(Collected data)
------------------------------------------------
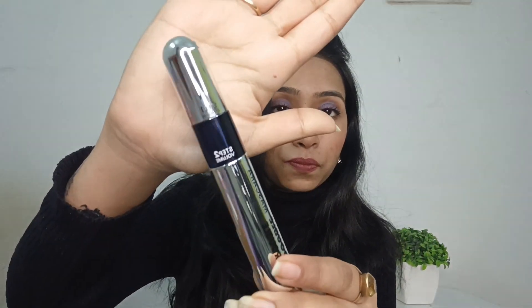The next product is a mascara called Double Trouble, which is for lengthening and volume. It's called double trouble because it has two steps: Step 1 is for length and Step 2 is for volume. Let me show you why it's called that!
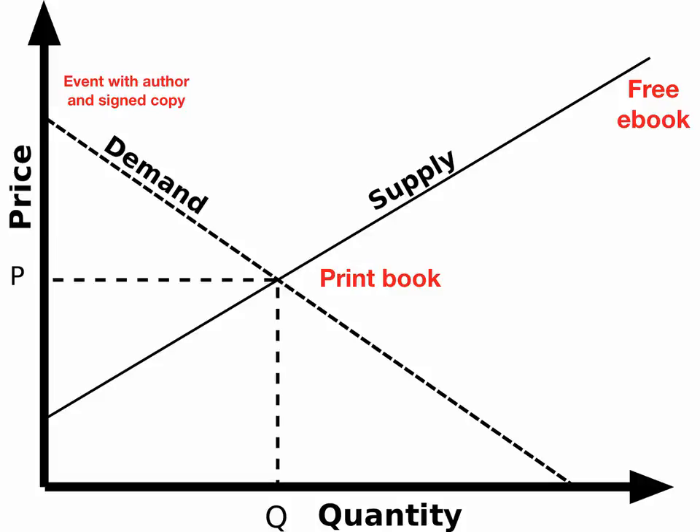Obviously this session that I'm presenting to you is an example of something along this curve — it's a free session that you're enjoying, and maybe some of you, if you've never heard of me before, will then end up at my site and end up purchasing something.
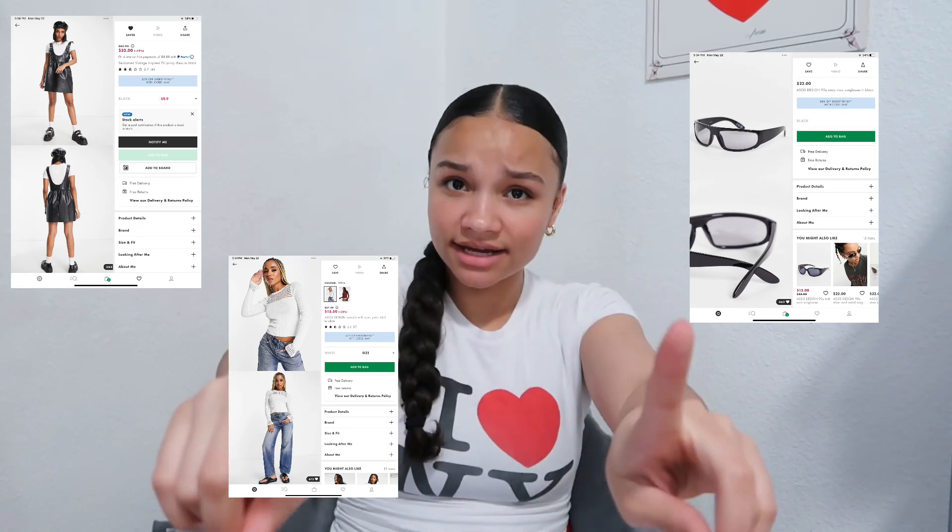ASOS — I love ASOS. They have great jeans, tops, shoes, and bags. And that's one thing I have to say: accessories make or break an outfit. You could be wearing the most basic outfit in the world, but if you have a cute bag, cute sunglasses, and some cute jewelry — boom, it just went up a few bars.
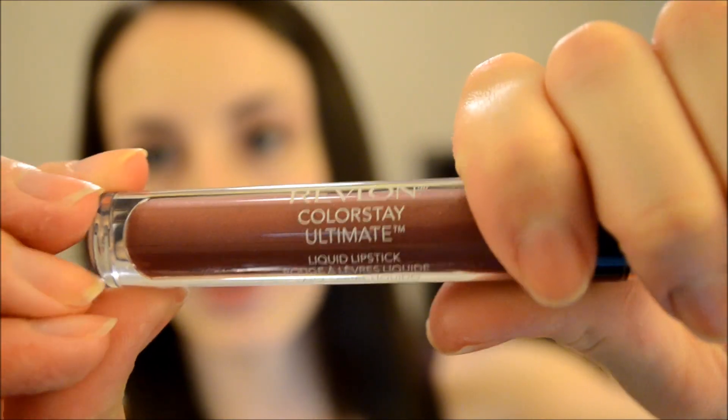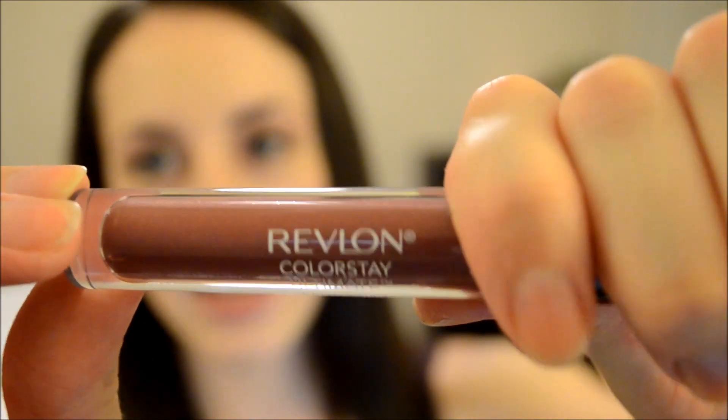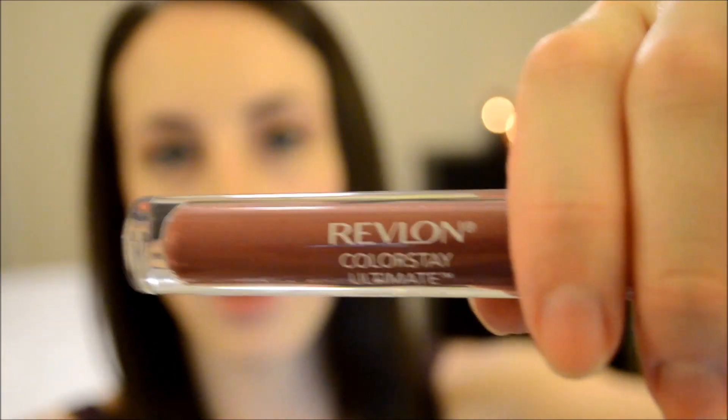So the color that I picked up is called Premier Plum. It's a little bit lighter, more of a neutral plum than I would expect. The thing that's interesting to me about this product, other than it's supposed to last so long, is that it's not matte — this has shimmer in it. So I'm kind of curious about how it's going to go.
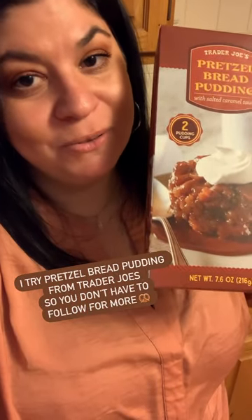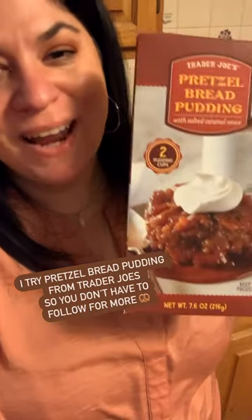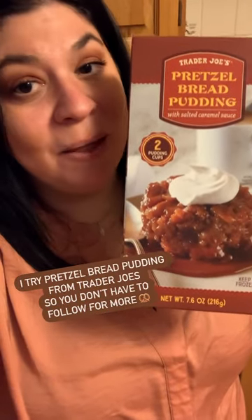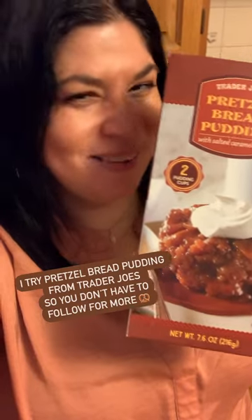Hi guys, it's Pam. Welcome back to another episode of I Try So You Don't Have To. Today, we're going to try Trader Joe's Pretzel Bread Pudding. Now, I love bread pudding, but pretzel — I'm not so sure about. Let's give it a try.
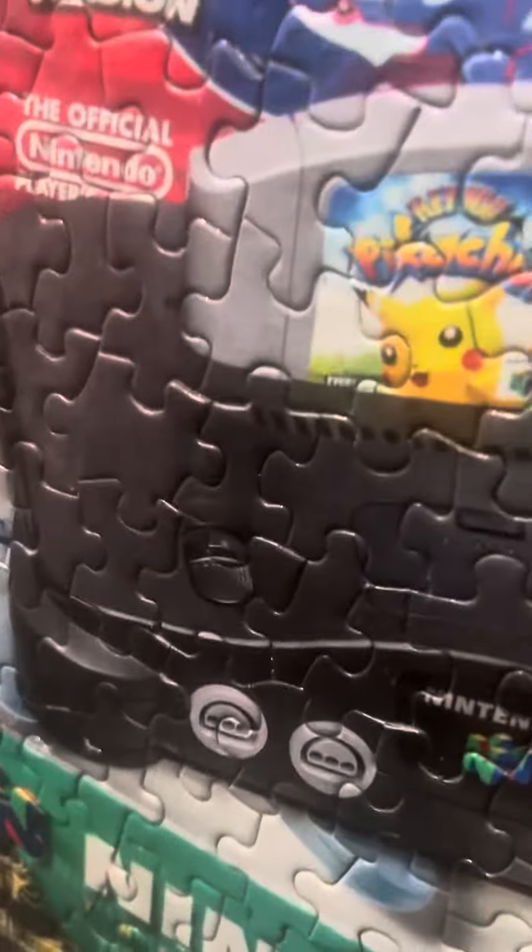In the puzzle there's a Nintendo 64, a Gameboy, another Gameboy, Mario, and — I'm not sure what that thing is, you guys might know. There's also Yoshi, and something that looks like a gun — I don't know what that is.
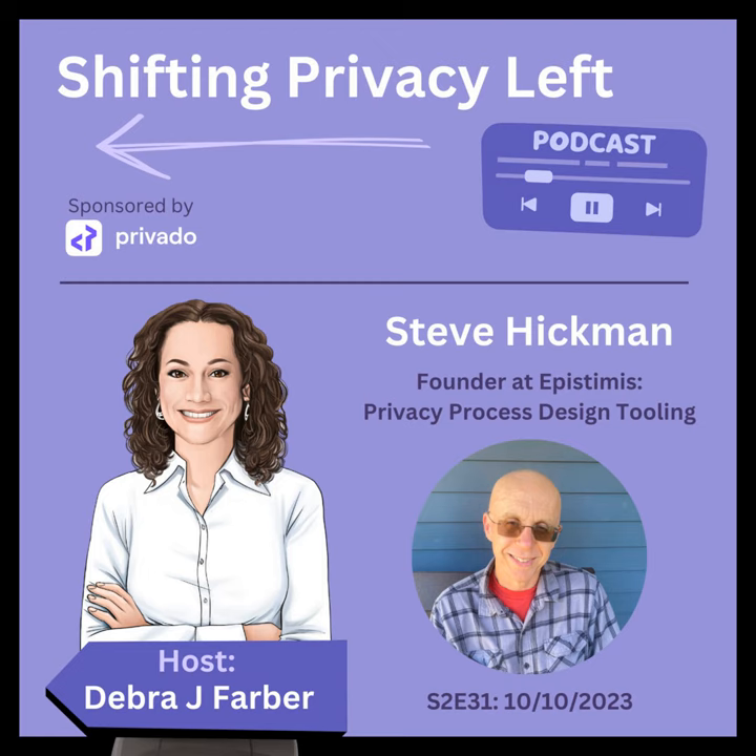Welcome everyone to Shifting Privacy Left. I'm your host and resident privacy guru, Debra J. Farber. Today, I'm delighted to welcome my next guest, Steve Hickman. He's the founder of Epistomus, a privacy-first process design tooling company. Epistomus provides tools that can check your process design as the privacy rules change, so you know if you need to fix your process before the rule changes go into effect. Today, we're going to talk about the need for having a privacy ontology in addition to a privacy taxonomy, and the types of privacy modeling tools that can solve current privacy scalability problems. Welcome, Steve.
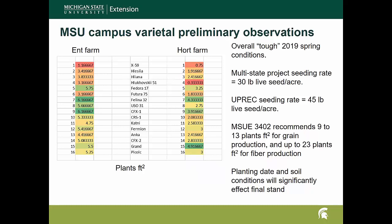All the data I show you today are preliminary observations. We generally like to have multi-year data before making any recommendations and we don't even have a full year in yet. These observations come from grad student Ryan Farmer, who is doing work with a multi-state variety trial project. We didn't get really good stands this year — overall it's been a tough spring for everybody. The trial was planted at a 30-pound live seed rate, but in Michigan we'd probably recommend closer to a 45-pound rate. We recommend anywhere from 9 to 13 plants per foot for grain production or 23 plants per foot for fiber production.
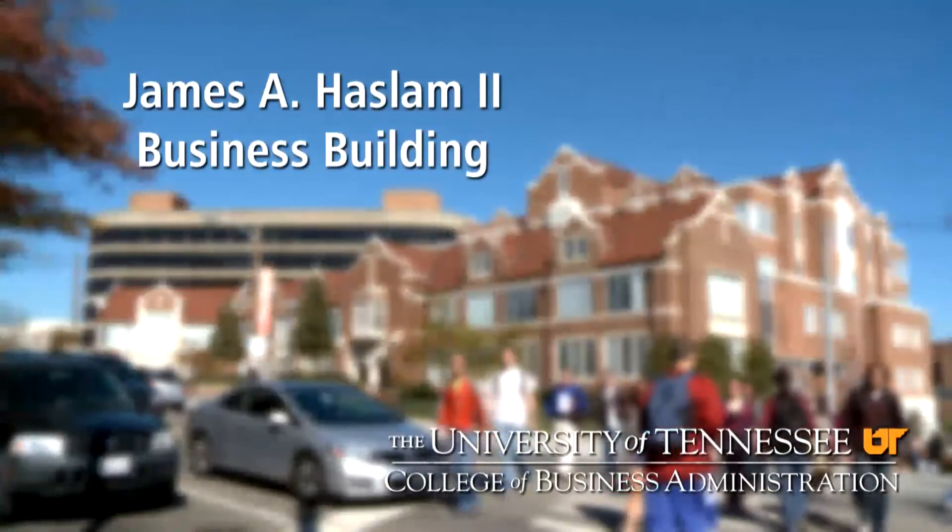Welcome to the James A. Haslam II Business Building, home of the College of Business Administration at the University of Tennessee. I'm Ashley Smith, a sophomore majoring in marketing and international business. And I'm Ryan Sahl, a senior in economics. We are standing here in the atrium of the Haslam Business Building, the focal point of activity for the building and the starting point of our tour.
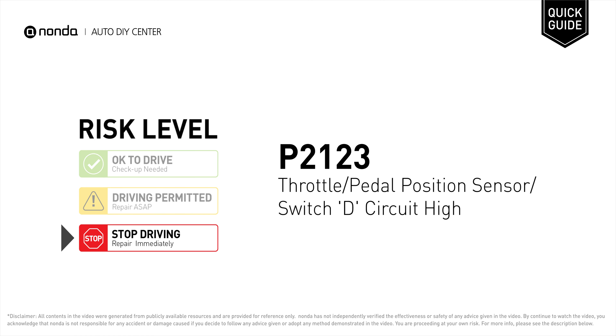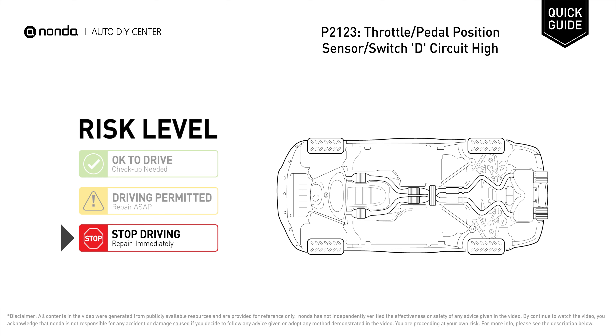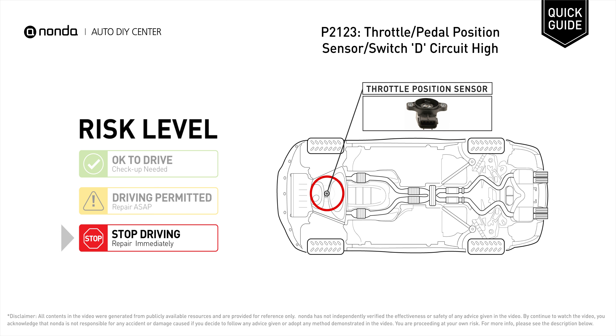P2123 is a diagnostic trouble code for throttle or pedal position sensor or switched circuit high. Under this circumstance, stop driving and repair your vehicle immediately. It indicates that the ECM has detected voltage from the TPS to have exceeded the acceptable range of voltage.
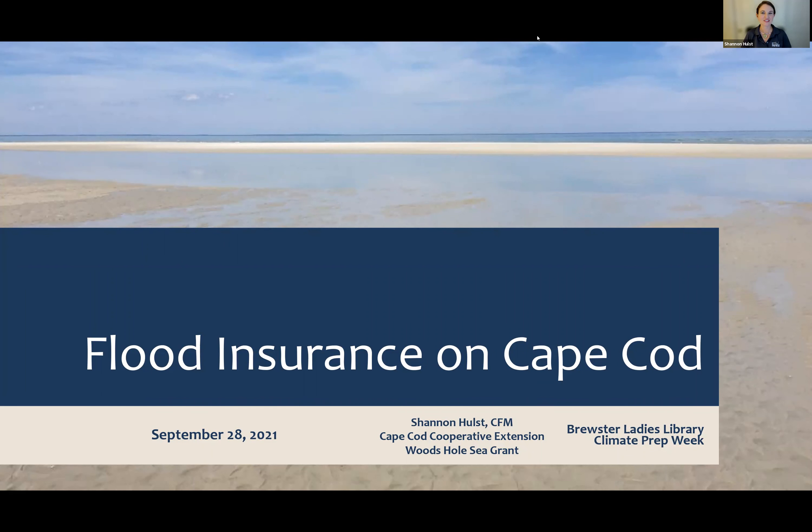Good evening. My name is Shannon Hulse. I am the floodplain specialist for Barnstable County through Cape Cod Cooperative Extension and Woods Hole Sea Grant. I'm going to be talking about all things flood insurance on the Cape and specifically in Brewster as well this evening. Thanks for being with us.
------------------------------------------------
◆ Task brief:
Only the records, copied exactly and without pictures, should make up the answer.

◆ Solution for this task:
The next product is a mascara called Double Trouble, which is for lengthening and volume. It's called double trouble because it has two steps: Step 1 is for length and Step 2 is for volume. Let me show you why it's called that!
Obviously this session that I'm presenting to you is an example of something along this curve — it's a free session that you're enjoying, and maybe some of you, if you've never heard of me before, will then end up at my site and end up purchasing something.
ASOS — I love ASOS. They have great jeans, tops, shoes, and bags. And that's one thing I have to say: accessories make or break an outfit. You could be wearing the most basic outfit in the world, but if you have a cute bag, cute sunglasses, and some cute jewelry — boom, it just went up a few bars.
So the color that I picked up is called Premier Plum. It's a little bit lighter, more of a neutral plum than I would expect. The thing that's interesting to me about this product, other than it's supposed to last so long, is that it's not matte — this has shimmer in it. So I'm kind of curious about how it's going to go.
Hi guys, it's Pam. Welcome back to another episode of I Try So You Don't Have To. Today, we're going to try Trader Joe's Pretzel Bread Pudding. Now, I love bread pudding, but pretzel — I'm not so sure about. Let's give it a try.
In the puzzle there's a Nintendo 64, a Gameboy, another Gameboy, Mario, and — I'm not sure what that thing is, you guys might know. There's also Yoshi, and something that looks like a gun — I don't know what that is.
Welcome everyone to Shifting Privacy Left. I'm your host and resident privacy guru, Debra J. Farber. Today, I'm delighted to welcome my next guest, Steve Hickman. He's the founder of Epistomus, a privacy-first process design tooling company. Epistomus provides tools that can check your process design as the privacy rules change, so you know if you need to fix your process before the rule changes go into effect. Today, we're going to talk about the need for having a privacy ontology in addition to a privacy taxonomy, and the types of privacy modeling tools that can solve current privacy scalability problems. Welcome, Steve.
All the data I show you today are preliminary observations. We generally like to have multi-year data before making any recommendations and we don't even have a full year in yet. These observations come from grad student Ryan Farmer, who is doing work with a multi-state variety trial project. We didn't get really good stands this year — overall it's been a tough spring for everybody. The trial was planted at a 30-pound live seed rate, but in Michigan we'd probably recommend closer to a 45-pound rate. We recommend anywhere from 9 to 13 plants per foot for grain production or 23 plants per foot for fiber production.
Welcome to the James A. Haslam II Business Building, home of the College of Business Administration at the University of Tennessee. I'm Ashley Smith, a sophomore majoring in marketing and international business. And I'm Ryan Sahl, a senior in economics. We are standing here in the atrium of the Haslam Business Building, the focal point of activity for the building and the starting point of our tour.
P2123 is a diagnostic trouble code for throttle or pedal position sensor or switched circuit high. Under this circumstance, stop driving and repair your vehicle immediately. It indicates that the ECM has detected voltage from the TPS to have exceeded the acceptable range of voltage.
Good evening. My name is Shannon Hulse. I am the floodplain specialist for Barnstable County through Cape Cod Cooperative Extension and Woods Hole Sea Grant. I'm going to be talking about all things flood insurance on the Cape and specifically in Brewster as well this evening. Thanks for being with us.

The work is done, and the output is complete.